3.6. The Framework of the Proposed Algorithm

Based on the above design, the procedure of the proposed ILSDEMO algorithm for solving MOPs is summarized in Algorithm 1.

Algorithm 1 ILSDEMO

1: Set n=0. Initialize the population P_n{(X_i,F_i,CR_i,S_i),i∈[1,NP]} using OD
2: Evaluate P_n
3: Copy the non-dominated solutions to the archive population PA.
4: while the termination criteria are not satisfied do
5: Set n = n + 1
6: for i=1 to NP do
7: select r1≠r2 ∈{1, 2, …, NP} randomly
8: best∈{1,2,…,fsize} //fsize is the size of the non-dominated set in PA.
9: Perform program segment 1 or 2 using S_i,F_i,CR_i
10: Evaluate V_i
11: if f(V_i) is non-dominated by f(X_i) then
12: if f(V_i) dominates f(X_i) then
13: Mark f(X_i) as an improved individual
14: end if
15: Perform q-Gaussian mutation on V_i
16: Add V_i to PA using k-nearest neighbor rule
17: end if
18: if f(V_i) dominates f(X_i) then
19: X_i = V_i
20: end if
21: endfor
22: Build two Gaussian Models using the F and CR values collected from
the individuals improved by DE
23: Calculate the probabilities of the strategies based on the
individuals improved by DE
24: Generate P_n₊₁ based on P_n and PA using indicator-based selection.
25: Reinitialize F, CR, and S for the unimproved individuals according to
the above models
26: endwhile

4. Experiments

In this section, the performance of ILSDEMO is experimentally investigated, compared with NSGAII, IBEA, and DEMO, which are renowned for their distinctive attributes, manifesting diverse strengths and applicability across various problem domains, commonly serving as benchmark algorithms for comparative analysis. The comparative assessment is conducted utilizing two comprehensive test suites and three rigorous performance metrics, with statistical analysis employed to discern the outcomes. All the experiments are implemented in VC6.0, Matlab 7.1, Sigmaplot 12.0 and run on Intel i5 760 2.8GHz machines with 4GB DDR3 RAM.

4.1. Performance Metrics

In general, the quality of the non-dominated sets should be evaluated according to the convergence and the diversity in the objective space. The convergence depicts the closeness of the final non-dominated solutions to the true PF, whereas the diversity aims at the uniformity and the coverage of the final solution set along the true PF. A number of performance metrics, such as hypervolume (HV) [26], generational distance (GD) [27], inverted generational distance (IGD) [31], spacing metric (Spacing) [28,29], set coverage (SC), among others, have been proposed. However, none of the performance metrics can reliably evaluate both performance goals [30]. Given that IGD and HV concurrently account for the convergence and diversity of the solution set[31], while the Spacing metric precisely captures the uniformity of the distribution of the solution set in the objective space, these three metrics are selected for comparing the non-dominated solutions obtained by the four algorithms. A brief description of the metrics is given as follows.

1) HV metric

HV metric, originally proposed by Zitzler and Thiele [32], computes the volume in the objective space covered by the non-dominated solutions and a reference point. Coello Coello, Van Veldhuizen and Lamont [33] described it as the Lebesgue measure

Λ

of the union of hypercubes enwrapped by a non-dominated set B and a bounding reference point z_r which is dominated by all points. The formalization is shown as formula 13. As elaborated by Knowles [34], the hypervolume metric is the only unary indicator that is capable of detecting that solution set A with a low indicator value is not better than B with a high value.

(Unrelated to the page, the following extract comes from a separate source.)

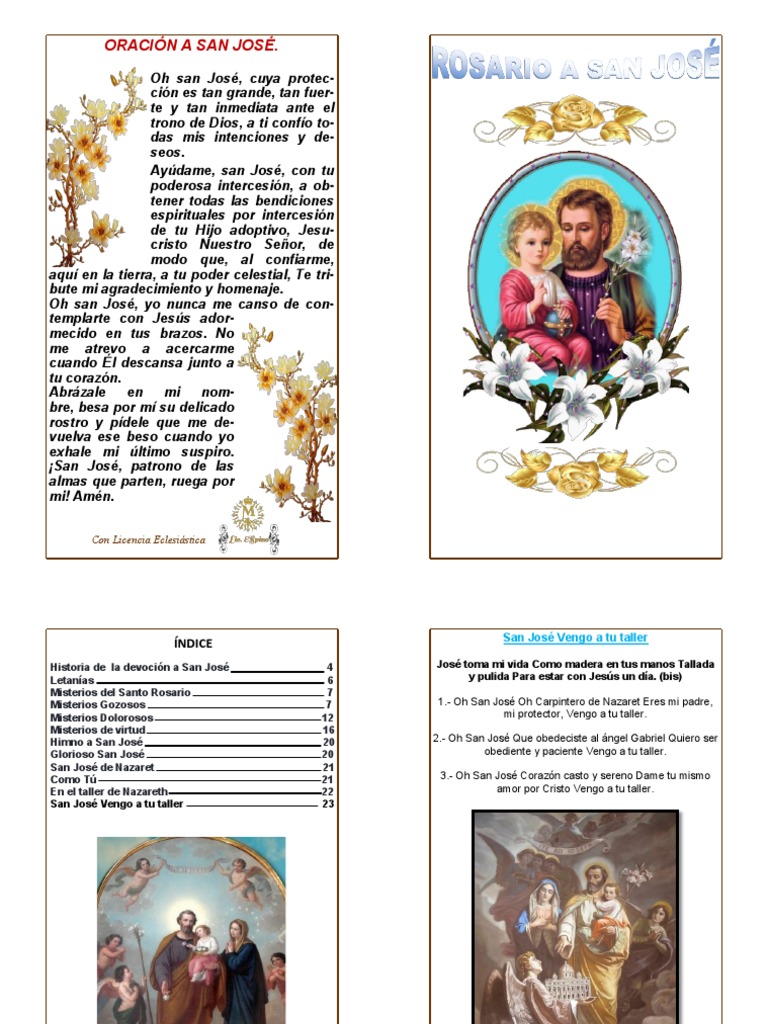 ROSARIO A SAN JOSE | PDF | María, madre de Jesús | Intercesión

H V (B, z_{r}) = Λ (\underset{z \in B}{\cup} {z' | z ≺ z' ≺ z_{r}}), B \subseteq R^{m}

(13)

In subsequent experiments, a fast algorithm termed HSO (Hypervolume by Slicing Objectives)[34] will be utilized for the computation of hypervolume, and the difference in hypervolume with respect to a reference set RS will be adopted as a performance indicator designated as HV*. The indicator value is defined as formula 14. Hence, a smaller value of HV* corresponds to a higher quality.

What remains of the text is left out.